Il y a quelques jours, Ronya a été sauvée de l’esclavage de l’Etat islamique. Elle a pu contacter un oncle maternel via Facebook, qui lui a donné le numéro de téléphone de la maison des Yêzidis (Mala Êzidîyan) de la région de Cizîrê. La Maison des Yêzidis est une institution à Hesekê, qui se consacre à la recherche de Yazidis enlevés à Shengal. Après un appel à l’organisation, il n’a fallu que quelques heures pour libérer Ronya, qui a maintenant 16 ans. Elle a expliqué à l’agence de presse ANHA ce qu’elle avait vécu.
Rêver d’une vie normale, sans peur et sans bombes
Ronya raconte qu’elle a rencontré de nombreuses femmes et filles yézidies après son enlèvement à Shengal. Cependant, une évasion de l’EI n’a jamais été un plan pour elle car d’autres l’ont essayé et ont été gravement torturés.
« Nous n’étions pas non plus autorisés à parler le kurde, sinon ils nous auraient tués. Nous étions de toute façon considérés comme des infidèles. Ils ont toujours dit que l’islam est la seule vraie religion. »
La chose la plus difficile pour Ronya a été la séparation d’avec sa mère. « J’espère retourner bientôt dans ma famille à Shengal et mener une vie normale sans crainte, loin des bombes. »

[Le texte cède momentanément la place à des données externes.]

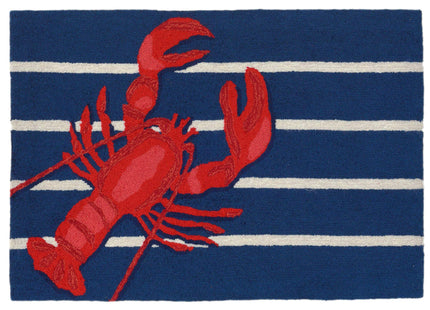 Liora Manne Frontporch Indoor Outdoor Rug - Novelty Design, Hand Hooked, Weather Resistant, UV Stabilized, Foyers, Porches, Patios & Decks, Lobster on Stripes, 2' x 3'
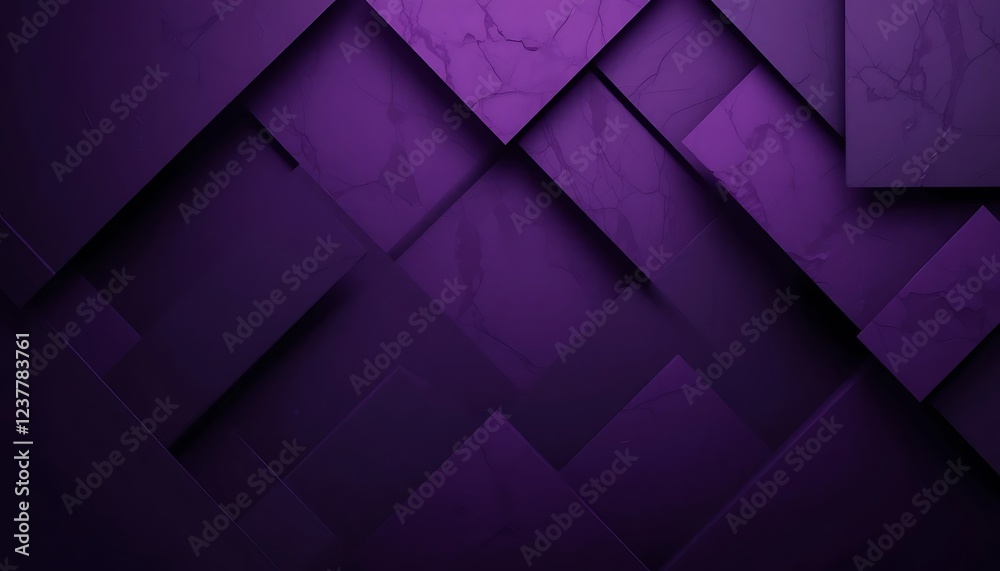 Obraz premium Abstract Purple Geometric Background with Cracked Texture and Overlapping Squares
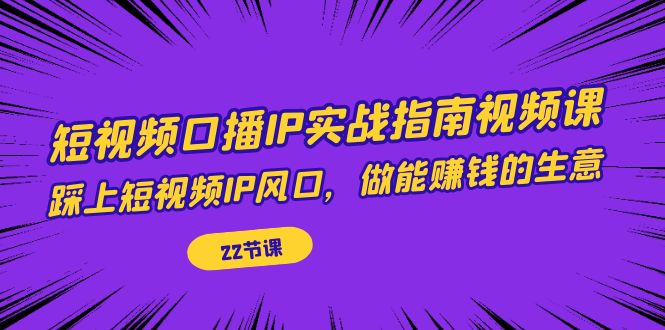 （7202期）短视频口播IP实战指南视频课，踩上短视频IP风口，做能赚钱的生意（22节课）-副业项目资源网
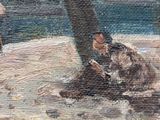 a painting of a man and a dog sitting under a tree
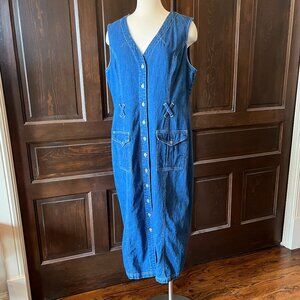 Dare to Dress Vintage Denim Jumper Dress Button Front Pockets Women's XL (16/18)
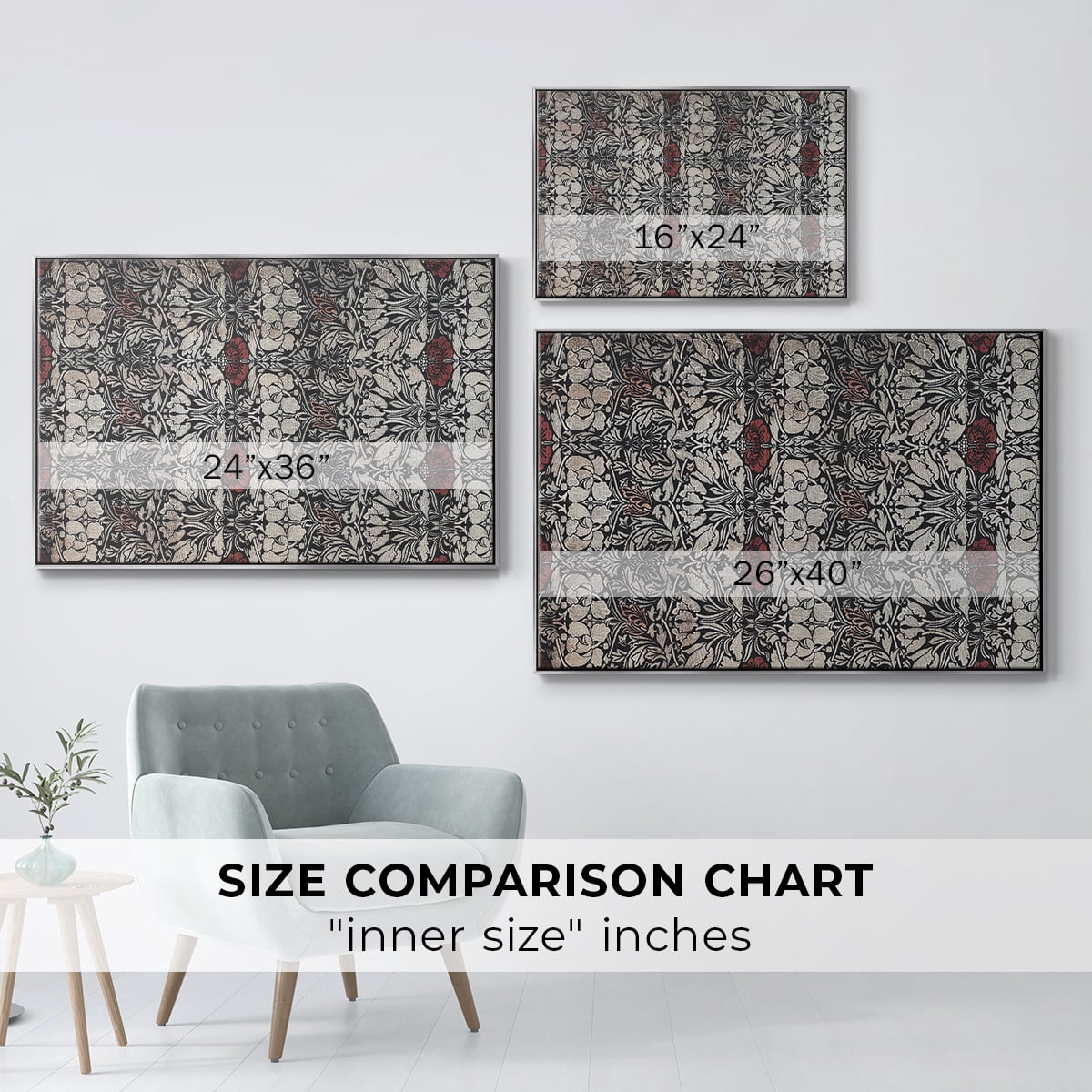 Vintage Abstract Print-XXII Framed in Silver Wood Gallery Wrapped Canvas 27 in. x 41 in.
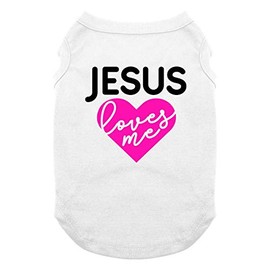 BaxterBoo Jesus Loves Me Dog Shirt - White (X-Small)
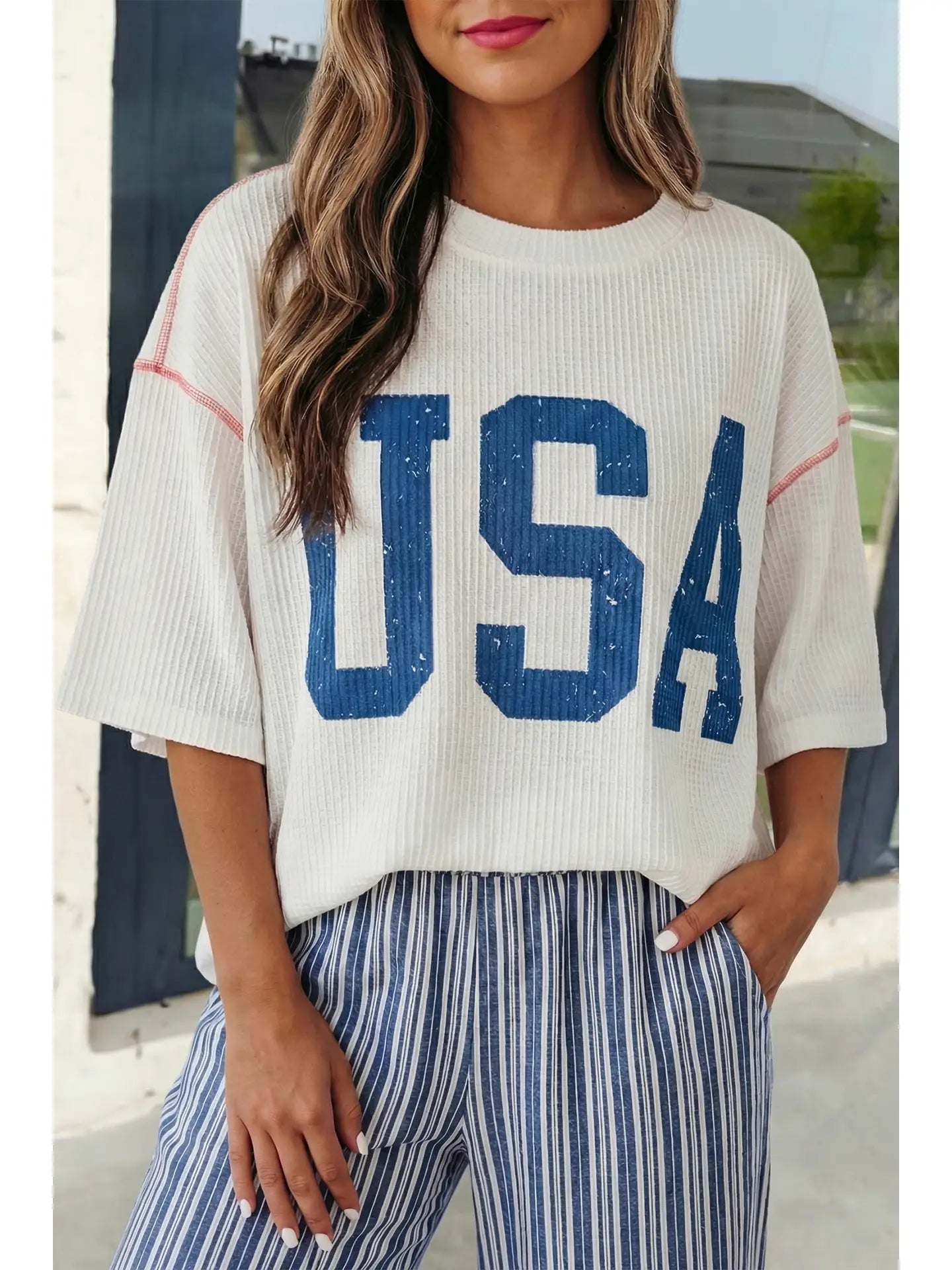 USA Half Sleeve Ribbed Top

La maison des Yézidis a été en mesure de secourir 236 femmes et enfants yézidis de Hol Camp depuis la victoire militaire sur l’Etat islamique. Cependant, l’organisation soupçonne qu’il y a encore des centaines, voire des milliers, de Yézidis dans le camp. « Beaucoup de Yézidis n’osent pas révéler leur véritable identité et prétendent plutôt être musulmans. Pendant des années, ils ont été inculqués à l’idée que leurs familles les rejetteraient ou les tueraient parce qu’ils se sont convertis à l’islam. Ou ils sont directement menacés de mort s’ils parlent aux chefs de camp de leur identité yézidie », explique Mehmûd Memî, un des administrateurs de la maison yézidie. Ronya y reçoit actuellement des soins médicaux et psychologiques avant d’être ramenée à Shengal.
Journaliste: la mère et les frères et sœurs de Ronya sont au Canada
La mère de Ronya et ses frères et sœurs semblent vivre au Canada maintenant. La journaliste néerlandaise Brenda Stoter a écrit sur Twitter que la mère de Ronya vit maintenant au Canada avec ses autres enfants. Cela pourrait en effet être le cas puisque le Canada a accueilli environ 1200 familles yézidies qui ont été persécutées en Irak par les milices djihadistes en 2017.